Methods the pregnant and 12~18d mice were taken from the male and female Kunming mice. The pregnant mice were taken out of the gestation. The fetuses were taken out of the fetal body. The fetal viscera and the viscera were removed. After PBS cleaning for several times, the tissues were cut, the cells were digested by trypsin, and the primary cells were cultured, and they were cryopreserved by routine methods. 2:1
The results of the first three generations of mice into fiber cells in complex cells (non fibroblast cells) more diverse forms. With the increase in the number of passages, the cells gradually, cells connected into cells connected closely, boundary is not clear. Most of the cells with cytoplasmic 2~3 bulges, spindle shaped, a few round or irregular. The cell body is the location of the middle part of the nucleus slightly uplift, clear cell outline, three-dimensional sense of strong granule in cytoplasm of cells. Rarely, more transparent.
Preparation of experiment two MEF feeder layer
Objective to prepare the MEF feeder layer for the cultivation of ES in mice.
Methods the logarithmic growth phase of the MEF, with a final concentration of 10 g/ml mitomycin C 2h.PBS fully washed five times. The digestive cell concentration was adjusted to 0.5x106 /ml, even after 0.1% planting to gelatin coated 6 well plates.
The results of MEF feeder cells after treatment with mitomycin C, implanted into 6 pore plate, 2~3d cell confluence, closely connected. Monolayer growth was observed under inverted microscope before action and drug compared to the number of MEF cells decreased slightly, cell morphology has not changed significantly, most of the cells were spindle shaped, uniform size, arrangement the rules, a clear boundary.
Select the appropriate time and concentration of mitomycin C on the function of feeder layer is critical. Mitomycin C was 10 g/ml with the concentration of MEF 2h, feeder cells no longer proliferation while maintaining good survival status of.MEF cells after mitomycin C treatment, 1~2w will decline to death.
The growth characteristics of experimental three mouse ES cells on the MEF feeder layer
Objective To observe the growth of mouse embryonic stem cells (ES) on the MEF feeder layer.
Methods the feeder cells from primary mouse fibroblast (MEF) treated by mitomycin C were removed, and the feeder layer culture fluid was removed, and the culture medium of mouse embryonic stem cells (ES cells) was replaced. 5x105 cells from ES cells were evenly distributed on the surface of feeder cells.

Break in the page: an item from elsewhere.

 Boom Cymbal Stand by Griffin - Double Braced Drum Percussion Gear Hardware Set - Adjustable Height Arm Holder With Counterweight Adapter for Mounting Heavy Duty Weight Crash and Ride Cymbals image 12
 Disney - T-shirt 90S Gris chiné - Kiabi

Results after embryonic stem cells (ES) were inoculated to MEF feeder layer two days later, cells grew and formed ES clones. The clones gradually increased, grew up and showed islands. The cloned edges were clear and dense, and the boundaries were clear with the surrounding feeder cells.
Observation on the differentiation of ES cells in Experiment four MEF feeder layer
Objective To observe the differentiation of embryonic stem cells on the feeder layer.
Method
1. alkaline phosphatase (AKP) staining was used to wash the embryonic stem cells from two feeder layers with PBS for three times, 4% 10min to immobilized 10min at room temperature, three times to wash with PBS, 20-30min was added to NBT/BCIP, the color was observed under inverted microscope, and the reaction was stopped at the right time.
2. OCT-4 were detected by immunofluorescence staining. At room temperature with normal Donkey Serum (PBS 1:10 dilution) blocking antibody specific non specific ES. Adding OCT-4 antibody (PBS 1:500 dilution) after 4 degrees CC degrees C degrees overnight incubation.PBS repeated washing, adding fluorescent labeled donkey anti two Rabbit anti 1H incubation at room temperature, PBS after repeated washing, 50% glycerol mounting.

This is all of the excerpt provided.